--- START ---
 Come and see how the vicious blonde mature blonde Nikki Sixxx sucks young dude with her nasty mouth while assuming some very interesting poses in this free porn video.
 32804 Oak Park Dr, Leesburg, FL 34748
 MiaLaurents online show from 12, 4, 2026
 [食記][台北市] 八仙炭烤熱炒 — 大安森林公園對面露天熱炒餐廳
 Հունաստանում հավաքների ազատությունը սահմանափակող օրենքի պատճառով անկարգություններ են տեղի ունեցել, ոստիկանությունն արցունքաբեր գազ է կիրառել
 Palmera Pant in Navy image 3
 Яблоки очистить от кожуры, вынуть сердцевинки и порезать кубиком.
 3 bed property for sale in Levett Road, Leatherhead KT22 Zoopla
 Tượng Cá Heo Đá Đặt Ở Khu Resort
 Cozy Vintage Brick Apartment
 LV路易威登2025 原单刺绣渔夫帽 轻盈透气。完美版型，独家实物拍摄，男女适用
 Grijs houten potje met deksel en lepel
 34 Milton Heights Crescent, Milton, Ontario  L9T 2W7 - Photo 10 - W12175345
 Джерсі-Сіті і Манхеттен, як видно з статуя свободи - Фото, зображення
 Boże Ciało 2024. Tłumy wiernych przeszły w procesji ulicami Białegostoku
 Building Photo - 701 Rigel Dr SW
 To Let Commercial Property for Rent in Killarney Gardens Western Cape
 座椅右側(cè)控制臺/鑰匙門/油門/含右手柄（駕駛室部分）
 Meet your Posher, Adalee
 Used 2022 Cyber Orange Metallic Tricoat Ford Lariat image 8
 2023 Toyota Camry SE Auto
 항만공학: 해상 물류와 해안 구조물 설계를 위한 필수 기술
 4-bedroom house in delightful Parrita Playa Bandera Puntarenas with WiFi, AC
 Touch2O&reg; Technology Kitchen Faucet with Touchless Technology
--- END ---
Print each entry above exactly as given.

**SOLUTION FOR THIS PROBLEM**
 Come and see how the vicious blonde mature blonde Nikki Sixxx sucks young dude with her nasty mouth while assuming some very interesting poses in this free porn video.
 32804 Oak Park Dr, Leesburg, FL 34748
 MiaLaurents online show from 12, 4, 2026
 [食記][台北市] 八仙炭烤熱炒 — 大安森林公園對面露天熱炒餐廳
 Հունաստանում հավաքների ազատությունը սահմանափակող օրենքի պատճառով անկարգություններ են տեղի ունեցել, ոստիկանությունն արցունքաբեր գազ է կիրառել
 Palmera Pant in Navy image 3
 Яблоки очистить от кожуры, вынуть сердцевинки и порезать кубиком.
 3 bed property for sale in Levett Road, Leatherhead KT22 Zoopla
 Tượng Cá Heo Đá Đặt Ở Khu Resort
 Cozy Vintage Brick Apartment
 LV路易威登2025 原单刺绣渔夫帽 轻盈透气。完美版型，独家实物拍摄，男女适用
 Grijs houten potje met deksel en lepel
 34 Milton Heights Crescent, Milton, Ontario  L9T 2W7 - Photo 10 - W12175345
 Джерсі-Сіті і Манхеттен, як видно з статуя свободи - Фото, зображення
 Boże Ciało 2024. Tłumy wiernych przeszły w procesji ulicami Białegostoku
 Building Photo - 701 Rigel Dr SW
 To Let Commercial Property for Rent in Killarney Gardens Western Cape
 座椅右側(cè)控制臺/鑰匙門/油門/含右手柄（駕駛室部分）
 Meet your Posher, Adalee
 Used 2022 Cyber Orange Metallic Tricoat Ford Lariat image 8
 2023 Toyota Camry SE Auto
 항만공학: 해상 물류와 해안 구조물 설계를 위한 필수 기술
 4-bedroom house in delightful Parrita Playa Bandera Puntarenas with WiFi, AC
 Touch2O&reg; Technology Kitchen Faucet with Touchless Technology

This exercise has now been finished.